PROBLEM TO WORK ON
Write the listing out again word for word, skipping each picture.

RECORDED DATA
▶
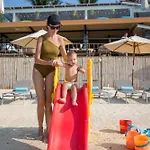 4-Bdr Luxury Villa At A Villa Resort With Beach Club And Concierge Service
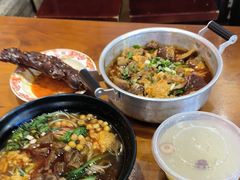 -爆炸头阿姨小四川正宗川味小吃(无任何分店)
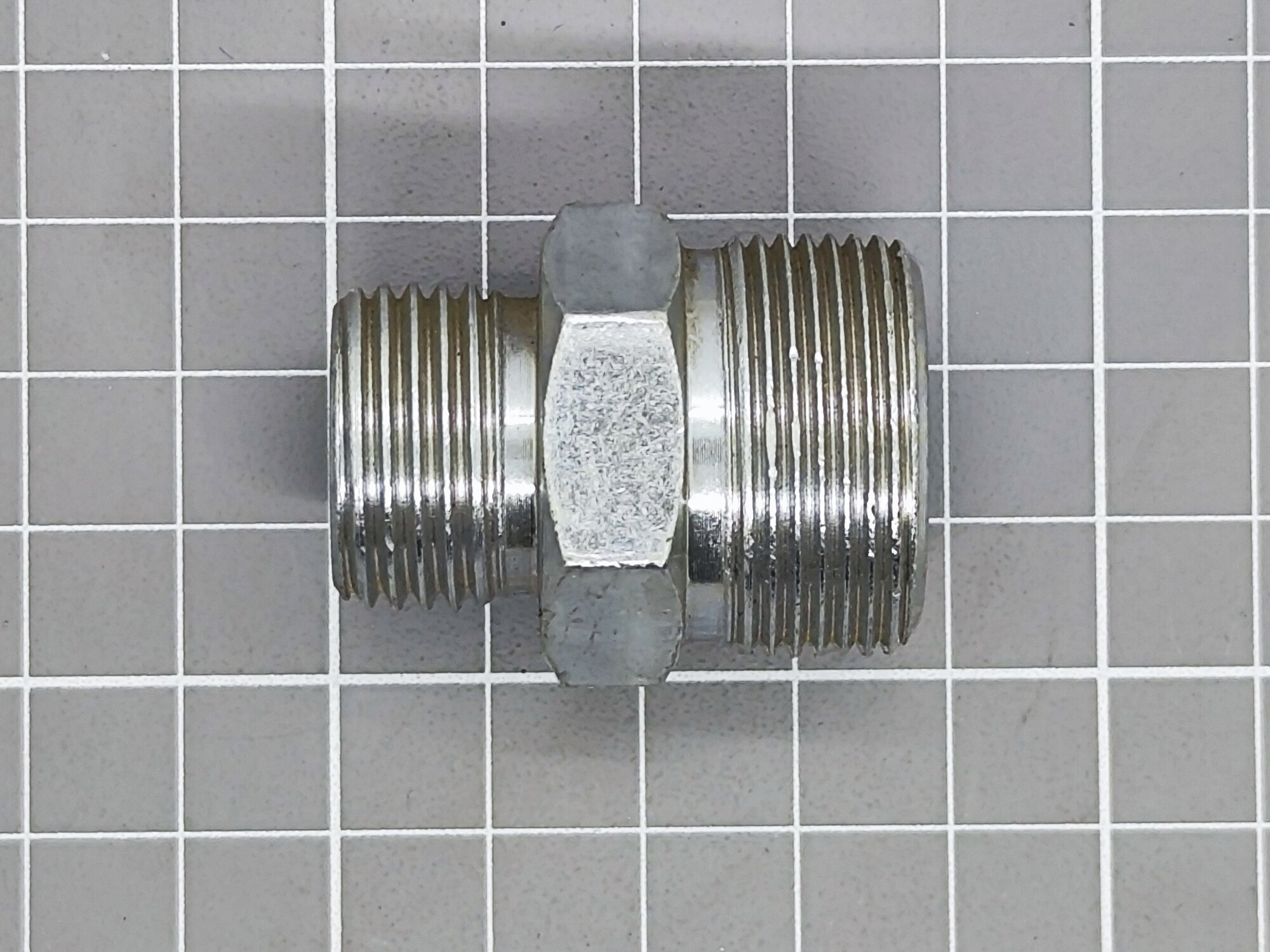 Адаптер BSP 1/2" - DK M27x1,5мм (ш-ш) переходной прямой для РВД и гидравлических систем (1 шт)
◀
SOLUTION
 4-Bdr Luxury Villa At A Villa Resort With Beach Club And Concierge Service
 -爆炸头阿姨小四川正宗川味小吃(无任何分店)
 Адаптер BSP 1/2" - DK M27x1,5мм (ш-ш) переходной прямой для РВД и гидравлических систем (1 шт)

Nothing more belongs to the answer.